I think there are two misconceptions at home, but they are connected. The first is that wine is an elitist drink. But if you sat around a braai with winemakers and grape farmers, you would get a very, very different view of wine. Wine is, at its core, about raw earth, alchemy, grubby hands, veldskoene, and sunburn. But it’s hard to use those elements in marketing pitches. The second is that wine is too expensive. Consumers all seem to understand that coffee needs to be fair-trade, and that the farmer needs to get paid more but, when it comes to wine, we’ve almost forgotten that farmers are even involved. The situation in South Africa is that wine grape farmers are among the worst compensated of the whole bunch (lolz). Apples, pears, and citrus are significantly more profitable. But, until consumers can experience that value, they won’t be willing to pay more for the drink. I’m not sure how to solve either one of those problems. Internationally, the biggest misconception around South African wine is that we don’t make great wine, we just make great value wine. The truth though is that we have already managed to impress international wine critics and journalists on every continent with just how superlative our wine can be. BUT, we are still waiting for those opinions to trickle down to the consumer. If you speak to wine writers like Neal Martin, Alder Yarrow, Jancis Robinson or Tim Atkin, they all know that South African wine is one of the hottest properties on the planet right now. But, when you speak to a fine wine consumer who has money to spend and is filling her cellar with Burgundy and Bordeaux and Napa Cabs, then, man, we’re not even on the radar.

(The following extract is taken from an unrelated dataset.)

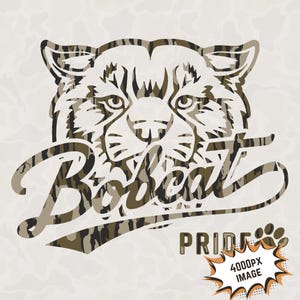 Camo Bobcats Pride PNG: Maskottchen Sublimationsdesign (Digitaler Download)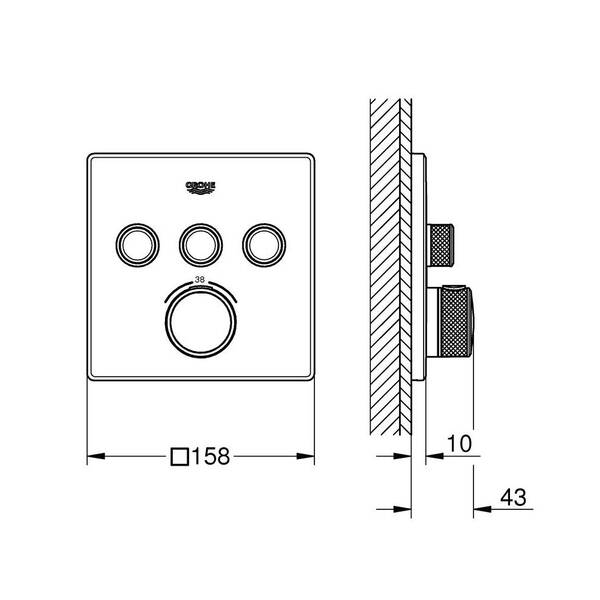 Смеситель скрытого монтажа для душа Grohe Grohtherm SmartControl 29121000 с термостатом, фото 3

Wine clubs have been around in South Africa for a while - how is yours different?
There are a couple of elements that I think are rare, if not unique. Our club slogan is “Wines that will make you sound smarter at dinner parties”. To achieve this, we attach a QR code to every bottle in the monthly mixed case. If you scan this code, it will take you through to a video made specifically about that wine where we discuss who made it, how they made it, and perhaps even a little bit of history or controversy around some of the elements in the wine. The idea is that, by the time you’re done, you should have both learnt something new about the glorious alchemy of wine but also, at a far less geeky level, you should have something to talk about when that awkward silence pops up during dinner with your in-laws. Also, people have definitely been anthropomorphising wine for millennia, but I feel like the way I talk about wine is something a little fresher. If I say, “Guys, don’t cellar this bad boy, you need to drink it now, because it’s far more Mickey Rourke than Raquel Welch” then you’re going to learn something about how a wine ages, and hopefully have a chuckle, too. And if you have no idea who either of those two people are, then you’ll Google them and learn something about pop culture as well. Tri-winning!
After a baking hot day fly fishing on the Cape streams, you head to a Winelands restaurant with loved ones, find a piece of shade under an oak and order a picnic. Somewhere a dove coos. All you need now to punctuate this perfect day is to open a bottle of…?
Ha, this is epic. I love the scene. I’d open a bottle of Olifantsberg Old Vine Chenin Blanc. It has a screw cap, so you don’t need to pack a pesky corkscrew, and it also costs about R130.00, so if Uncle Jamie trips over the picnic blanket and spills everyone’s shit (I hate Uncle Jamie), then the financial loss is bearable.
You’re at Thrift Dam in the most frigid corner of the Eastern Cape in July in balmy -10C weather. You’re still in your waders from the day’s fishing, huddled in a leaky cabin, about to feast on a 12-hour oxtail potjie. If this was Valhalla, you’d be happy. What bottle do you open?
Given the scene you just set, I think I’d need two bottles. The first would be the Van Loggerenberg Graft Syrah from Polkadraai Hills. I’d polish that off on its own, without the distraction of food. But once the oxtail is ready, I’d crack a Warwick Trilogy 2018.